Come consideri il compromesso sul decreto?
L’ennesimo fallimento della battaglia contro la guerra.
Che genere di fallimento?
Innanzitutto culturale, perché la sinistra che fino a ieri, quando era all’opposizione, sembrava avesse elaborato un nuovo concetto di guerra di tipo permanente e non eccezionale, oggi che occupa Palazzo Chigi ha cambiato decisamente rotta, decidendo di accettarla come mezzo di risoluzione delle controversie. In secondo luogo è un fallimento politico, considerando il tentativo dell’Unione di trattare il conflitto come un problema tecnico.
Spiega meglio.
Decidere di ridurre il contingente militare e di aumentare quello civile vuol dire voler stare nella guerra fino al collo.
Perché? Non c’è differenza con il passato?

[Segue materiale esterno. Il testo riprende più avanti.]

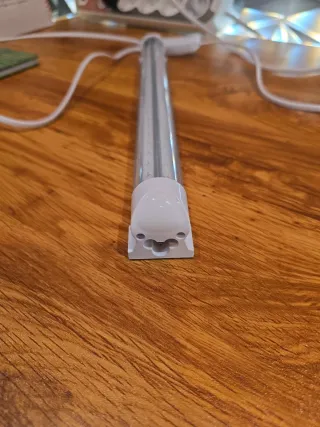 Luz UV LED, varias unidades, 30cm Luz ultravioleta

Sostanzialmente nessuna. Il governo Berlusconi era criticato dalla sinistra per la sua sudditanza nei confronti degli Stati uniti. Ma come considerare l’amorosa corrispondenza tra Parisi o Prodi e Bush, se non con la constatazione che tra la passata e la nuova stagione politica non c’è stata soluzione di continuità?
Stai dicendo che per te non c’è nessuna differenza tra centrodestra e centrosinistra.
L’unica differenza sta nella presentazione della guerra: il centrosinistra costruisce una cortina fumogena o maschera il volto della guerra, definendola umanitaria, al posto della concezione, più schiettamente autoritaria, del centrodestra.
Quindi?
Due strategie per un unico obiettivo, ma sulla guerra, a mio avviso, non è possibile la mediazione.
Come valuti la posizione di Rifondazione che considera, invece positiva la mediazione sull’Afghanistan?
Trovo vergognoso che parlamentari che hanno sempre votato contro la guerra e hanno sfilato con il movimento pacifista per il ritiro delle truppe in guerra in Iraq adesso votino compatti per il rifinanziamento della missione in Afghanistan. La strada di questo governo va contro la direzione del movimento. Questo è un governo embedded.
Però non tutti i pacifisti la pensano così.
Il movimento dovrà uscire dalla timidezza perché ha dalla sua parte la ragione: cioè che non può restare in piedi il concetto di guerra democratica. Noi per il momento il 5 luglio manifesteremo a Vicenza contro la costruzione della nuova base militare americana.